Cascade Outfitters has raft covers on their website. They are pricey. Like $200-$300. I use a car cover that I got from Walmart. Cost $30-$40 depending on which one you buy. Fits very well. Protects the raft from UV. While it's not 100% waterproof, it helps keep the raft pretty free from leaves, dirt, and stuff. I don't know how it would work on the road though. Might be too loose and get torn up???


----------



## Yukon77

cataraftgirl said:


> Cascade Outfitters has raft covers on their website. They are pricey. Like $200-$300. I use a car cover that I got from Walmart. Cost $30-$40 depending on which one you buy. Fits very well. Protects the raft from UV. While it's not 100% waterproof, it helps keep the raft pretty free from leaves, dirt, and stuff. I don't know how it would work on the road though. Might be too loose and get torn up???
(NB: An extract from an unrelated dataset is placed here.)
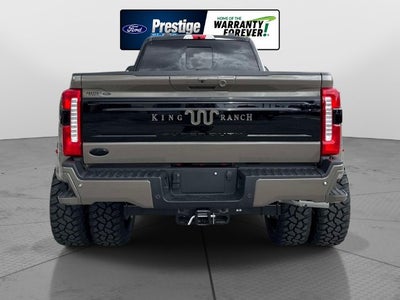 2026 Ford F-450SD King Ranch DRW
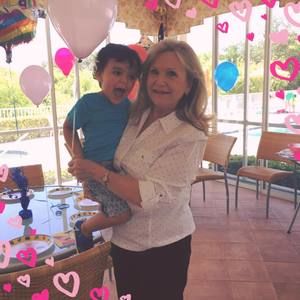 Meet your Posher, Cindy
Thanks. I saw you mentioned that in another thread. I'm seeing more like $450 at CO for a large cover - but it is designed for travel. They do make car covers that are waterproof but they run $120 -$150.


----------



## Osseous

A lot of cheap car covers are paper- there are also Tyvek covers on Ebay that are a little longer lasting. They will fill with rain and tear after a while though- I'm back to a silver plastic tarp, but a dedicated cover is on my wish list. I think I saw some on the Tough River Stuff website?....

Sent from my SM-N900V using Mountain Buzz mobile app


----------



## PhilipJFry

I use a 12 X 20 heavy duty tarp (went with a white one that I ordered on Amazon) ran some paracord through all the grommets, drape it over the boat, and cinch it tight. works great for a cover. I haven't tried traveling with it though. but if I already had the boat tied down, and then covered, I'm sure a couple straps over the tarp with it cinched up around the boat would work just fine.


----------



## yesimapirate

I'm sure you've already looked here, but there are many to choose from that would probably work. 

Boat Covers | Covers & Tops | Boat Deck & Covers | West Marine

Bart Water Sports Boat Covers


----------



## Gremlin

I use a Walmart $40 car cover on my 16' cat. The first one lasted about a year and a half until the nose cones poked through. I had a difficult time keeping it on and I think it repeatedly blowing off led to it ripping sooner. I bought another and found these clips Tarp Clips | Repair | Coghlan's work great to tie the corners down. It is on it's second season now and is holding up pretty well.


----------



## psu96

PhilipJFry said:


> I use a 12 X 20 heavy duty tarp (went with a white one that I ordered on Amazon) ran some paracord through all the grommets, drape it over the boat, and cinch it tight. works great for a cover. I haven't tried traveling with it though. but if I already had the boat tied down, and then covered, I'm sure a couple straps over the tarp with it cinched up around the boat would work just fine.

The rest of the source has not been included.